### Aim of the task
Please restate the listing word for word, omitting the images.

### Source material
· · · · ·

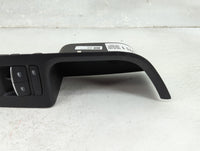 2025 Alfa Romeo Stelvio Master Power Window Switch Replacement Driver Side Left P/N:01561288560 Fits OEM Used Auto Parts - O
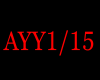 Song-Ay ay ayy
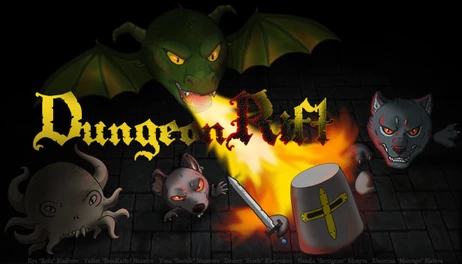Купить DungeonRift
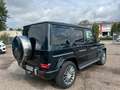 Mercedes-Benz G 500 *DESIGNO*BURME*LED*360*DIST*AMG*1HAND Verde - thumbnail 3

· · · · ·

### Exercise result
 2025 Alfa Romeo Stelvio Master Power Window Switch Replacement Driver Side Left P/N:01561288560 Fits OEM Used Auto Parts - O
 Song-Ay ay ayy
Купить DungeonRift
 Mercedes-Benz G 500 *DESIGNO*BURME*LED*360*DIST*AMG*1HAND Verde - thumbnail 3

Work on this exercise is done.